*Action item*: The reply should contain every line of the data, repeated exactly, and no pictures.

*Data under study*:
++++++
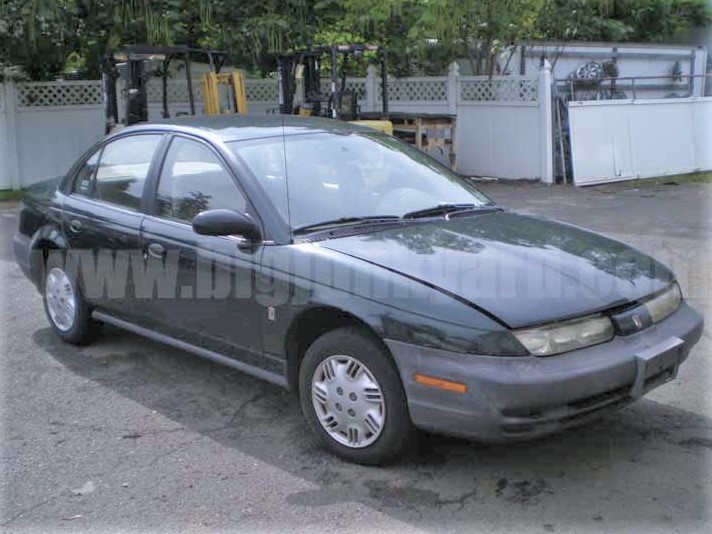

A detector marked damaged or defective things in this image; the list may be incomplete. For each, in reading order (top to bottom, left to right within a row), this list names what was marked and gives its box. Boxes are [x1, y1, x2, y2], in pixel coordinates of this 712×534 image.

cracked pavement [1, 181, 712, 534]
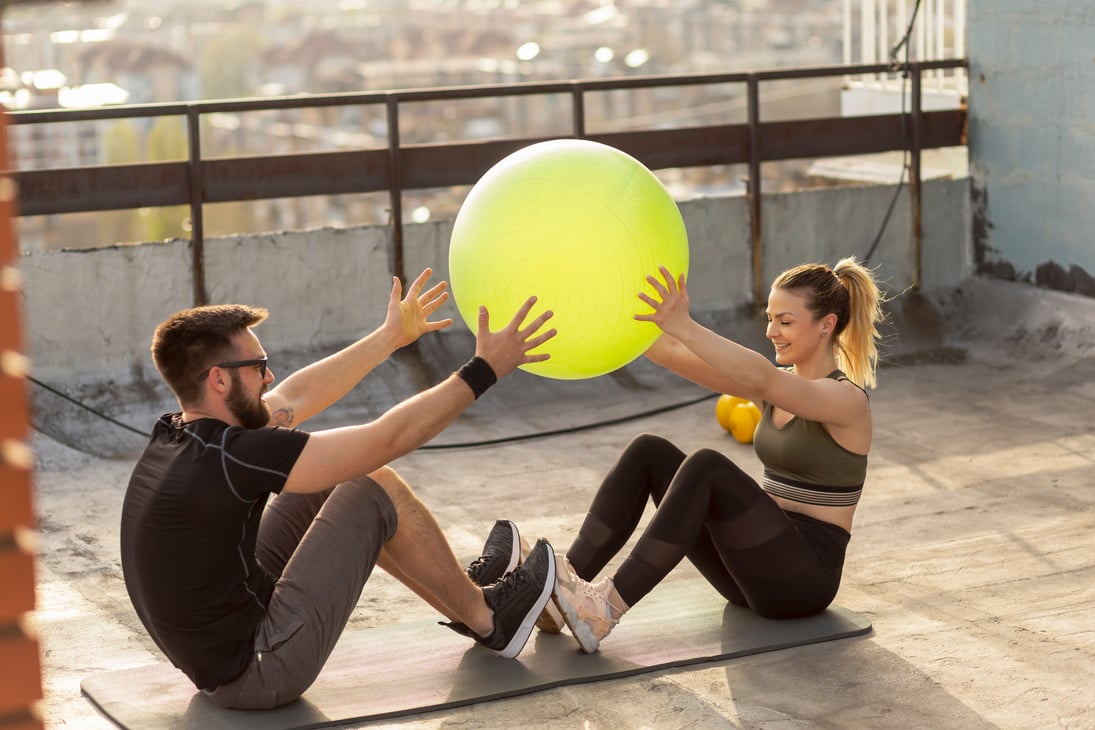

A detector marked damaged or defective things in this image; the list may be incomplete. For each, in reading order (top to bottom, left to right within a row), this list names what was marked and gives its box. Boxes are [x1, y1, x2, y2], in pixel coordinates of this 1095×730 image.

rusty metal railing post [185, 105, 205, 306]
rusty metal railing post [383, 99, 405, 284]
rusty metal railing post [744, 76, 762, 308]
rusty metal railing post [906, 62, 924, 291]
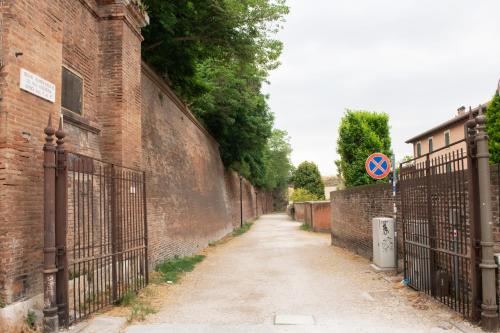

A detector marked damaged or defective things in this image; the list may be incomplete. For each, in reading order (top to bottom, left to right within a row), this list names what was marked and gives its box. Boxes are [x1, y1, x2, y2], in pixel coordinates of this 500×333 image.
++++++
*Reply*:
A detector marked damaged or defective things in this image; the list may be incomplete. For each, in reading order (top to bottom, left to right within a row), this list names what was marked and gives its box. Boxes are [x1, y1, x2, y2], in pixel coordinates of this 712×534 image.

cracked pavement [1, 181, 712, 534]

A detector marked damaged or defective things in this image; the list may be incomplete. For each, in reading order (top to bottom, left to right within a row), this list names what was marked and gives its box. Boxes are [x1, y1, x2, y2], in pixel coordinates of this 1095×730 image.

rusty metal railing post [185, 105, 205, 306]
rusty metal railing post [383, 99, 405, 284]
rusty metal railing post [744, 76, 762, 308]
rusty metal railing post [906, 62, 924, 291]

A detector marked damaged or defective things in this image; the list may be incomplete. For each, in reading order (top to bottom, left to right within a row), this list names what was marked and gives its box. Boxes are [x1, y1, x2, y2], in pixel coordinates of this 500×333 image.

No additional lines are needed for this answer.